Çalınan eserlerin tekrar toplanabilmesi için 13 ayrı kurumla ortak hareket ettiklerini kaydeden Vakıflar Genel Müdürü Yusuf Beyazıt, çalıntı eserlere yenilerinin eklenmemesi için de 8 ilde Vakıf Eserleri Müzesi kurma çalışmalarının sürdüğünü söyledi. Beyazıt, önümüzdeki yıllarda bu müzelerin sayısını artırarak her ilde bir tane olmasına gayret edeceklerini dile getirdi.
Son yıllarda, teberrükat eşyasının büyük ölçüde envanterlenmesi ve muhafazaya alınmasının hırsızlar üzerinde caydırıcı etki yaptığını belirten Genel Müdür Beyazıt, “Ancak kamuya açık mekânlarda bulunan çini, sütun başlığı, kitabe, levha, şamdan, alem, çeşme taşı, kapı-pencere kanatları gibi eserlerin hırsızlıkları ise devam etmektedir.” dedi.
2002 yılında Vakıflar Genel Müdürlüğü bünyesinde kurulmuş olan Kaçakçılıkla Mücadele Birimi, vakıf eserlerden kaçırılarak gerek yurtdışında gerekse yurtiçinde pazarlanan tarihî eserleri takip ediyor. Birim, 2002-2005 yılları arasında çalınan 2 bin 594 eserin 308’ini toplayarak ait oldukları mekanlara tekrar koydu. Tarihî eserler çalındıklarında fotoğraflı Türkçe ve İngilizce envanter fişleri ile Gümrük Müsteşarlığı, Denizcilik Müsteşarlığı, İnterpol, Emniyet Genel Müdürlüğü ilgili daireleri, Jandarma Genel Komutanlığı, Sahil Güvenlik Komutanlığı, Dışişleri Bakanlığı, Kültür ve Turizm Bakanlığı, il kültür ve turizm müdürlükleri ve Antik Dekor Dergisi gibi kurumlara duyuru yapıyor. Böylece eserlerin satışının ve yurtdışına çıkarılmasının önüne geçilmiş olunuyor. Yurtdışına çıkartılmış olan eserler de envanter fişleri ile Türkiye Cumhuriyeti’ne ait olduğu kanıtlanarak geri alınabiliyor. Ancak çalındığına dair belge gösterilememesi geri almayı zorlaştırıyor. Eseri elinde bulunduranlar Osmanlı Devleti zamanında hediye edildiğini, satın alındığını veya bu eserin aynısının Ortadoğu ve Balkan ülkelerinde de var olduğunu ileri sürebiliyorlar. Çalıntı eserlere ilişkin bilgiler genel müdürlüğün www.vgm.gov.tr adresinden de yayınlanıyor. Ayrıca yurtiçi ve yurtdışındaki müzayedeler takip ediliyor.

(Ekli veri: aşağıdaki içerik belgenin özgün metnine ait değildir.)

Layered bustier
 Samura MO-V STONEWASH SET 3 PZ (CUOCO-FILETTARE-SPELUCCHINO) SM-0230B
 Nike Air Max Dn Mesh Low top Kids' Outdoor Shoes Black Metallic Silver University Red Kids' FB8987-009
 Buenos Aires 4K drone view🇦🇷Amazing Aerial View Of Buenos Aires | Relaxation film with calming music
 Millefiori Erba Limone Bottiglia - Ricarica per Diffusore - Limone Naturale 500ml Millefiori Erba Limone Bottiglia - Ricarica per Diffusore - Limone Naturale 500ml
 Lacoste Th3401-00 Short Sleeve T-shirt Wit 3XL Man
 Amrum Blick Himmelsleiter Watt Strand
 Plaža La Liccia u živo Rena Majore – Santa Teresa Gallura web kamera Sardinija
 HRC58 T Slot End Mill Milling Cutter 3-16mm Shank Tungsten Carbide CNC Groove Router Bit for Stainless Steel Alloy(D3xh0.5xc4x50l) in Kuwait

Türkiye’de cami ve mescitlerde 20 bin civarında eski eser tespiti yapılmış durumda. Bunların her biri için renkli fotoğraflı envanter fişleri düzenlendi. Müzelerde korunması ve sergilenmesi amacıyla 10 bin eser toplandı. Camide kalması gereken hat, Sakal-ı Şerif kutusu, kapı ve pencere kanadı gibi unsurların da imitasyonları yapılarak asıllarının müzelere alınması çalışmaları başlatıldı.